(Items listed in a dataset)
━━━━━━━━━━━━━━━━
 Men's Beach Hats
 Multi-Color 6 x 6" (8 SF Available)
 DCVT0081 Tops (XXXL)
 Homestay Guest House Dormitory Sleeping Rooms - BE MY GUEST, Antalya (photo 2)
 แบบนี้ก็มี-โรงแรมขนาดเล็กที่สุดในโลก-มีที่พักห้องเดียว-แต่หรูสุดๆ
━━━━━━━━━━━━━━━━
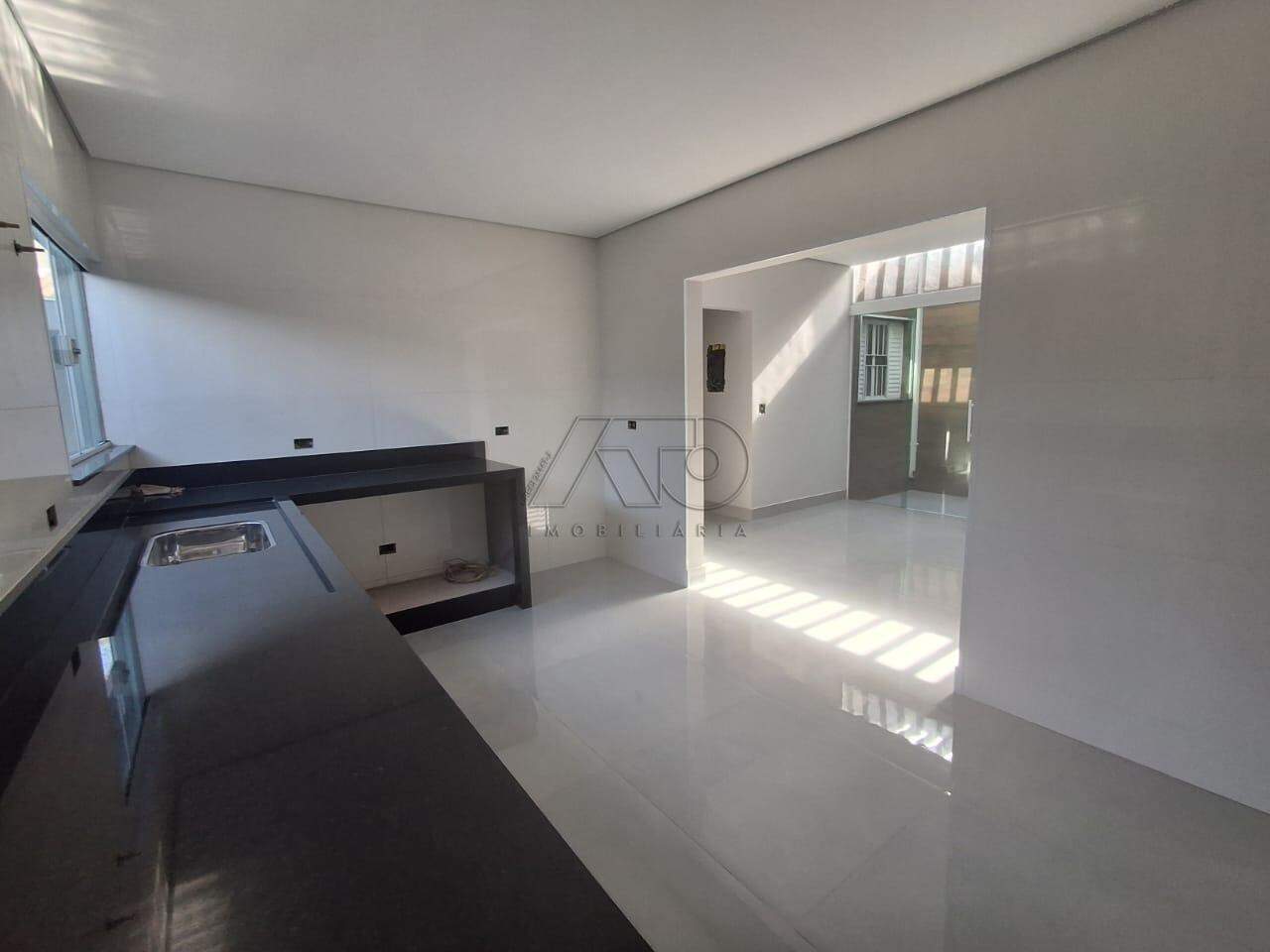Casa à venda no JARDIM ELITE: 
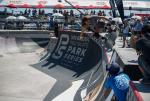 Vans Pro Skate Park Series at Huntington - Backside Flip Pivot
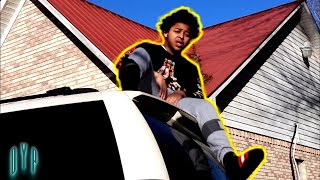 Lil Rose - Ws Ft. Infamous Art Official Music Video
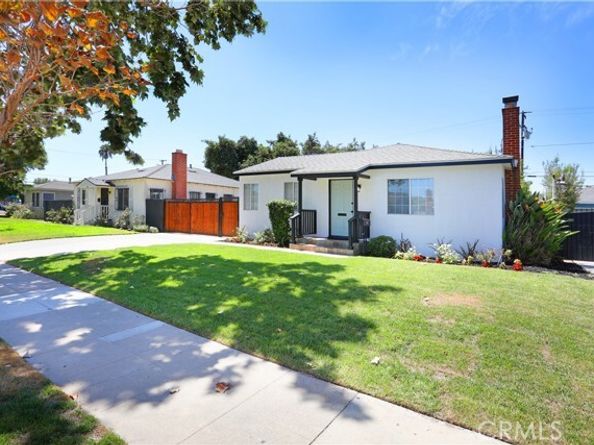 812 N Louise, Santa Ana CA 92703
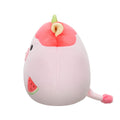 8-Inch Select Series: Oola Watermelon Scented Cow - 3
━━━━━━━━━━━━━━━━
Reproduce exactly the entries above, limited to the lines from the one with "Homestay Guest House" through the one with "แบบนี้ก็มี-โรง", both included.

 Homestay Guest House Dormitory Sleeping Rooms - BE MY GUEST, Antalya (photo 2)
 แบบนี้ก็มี-โรงแรมขนาดเล็กที่สุดในโลก-มีที่พักห้องเดียว-แต่หรูสุดๆ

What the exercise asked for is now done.